The wide world of Dwight Trible

With his varied repertoire and galvanic delivery, the singer occupies a musical continent all his own.

April 18, 2006|Don Heckman | Special to The Times

Jazz singing is one of the most elusive of performing arts. With performers ranging from Louis Armstrong to Andy Bey, from Sarah Vaughan to Diana Krall comfortably positioned within the same far-reaching tent, the genre's definitions can be as varied as the artists themselves.

Even granting that diversity, however, singer Dwight Trible has to be considered a rarity. Although he mentions Betty Carter and (surprisingly) Richie Havens as influences, and the vocal dialect of Leon Thomas occasionally surfaces in his singing, Trible seems for the most part to be his own creative persona.

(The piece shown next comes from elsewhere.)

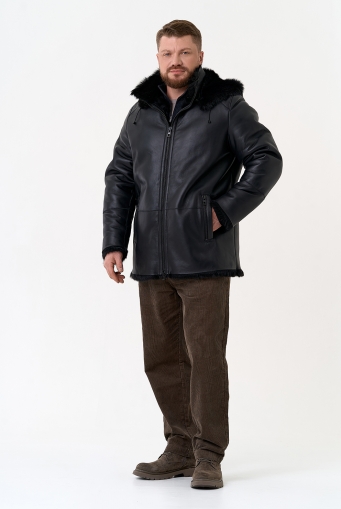 Миниатюра фотографии Мужская дубленка черного цвета с капюшоном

On Sunday night at the Jazz Bakery, performing with pianist John Rangel, bassist Trevor Ware, saxophonist Joshua Spiegelman, drummer Daniel Bejarano and percussionist Derf Recklaw, he displayed all his unique attributes. He started the opening set with the Charlie Chaplin classic "Smile," investing it with the round, open tones, soaring high notes and dramatic gestures that are essential to his style. Several other unlikely choices followed -- Buffy Sainte-Marie's "Until It's Time for You to Go," Vincent Youmans' "Without a Song" and Eden Ahbez's "Nature Boy."

The repertoire was intriguing, given the fact that Trible's associations with Pharoah Sanders, poet Kamau Daaood and the late Billy Higgins and Horace Tapscott have tended to link him with music that blends African roots music and sensibilities with unfettered jazz and blues. And there were moments in his set -- the spiritual "Sometimes I Feel Like a Motherless Child," for example -- when those qualities took center stage, filtered through Trible's internal musical perspective, further energized by his occasional use of primal screams and shouts. In those idiosyncratic passages, he truly was like no other jazz singer.

But there were other passages, especially in the songbook numbers, in which Trible's theatricality -- his physical posturing, his dynamic shifts from soft to loud, his command of the stage -- suggested the ambience of musical theater, the operatic stage or a speaker's platform.

Trible has often spoken of, and acted upon, his dedication to peace, love and community. And, given the way he galvanized his Bakery audience, one couldn't help but be fascinated by the potential residing within his capacity to invest jazz singing with proselytizing qualities more commonly heard in pop and folk music.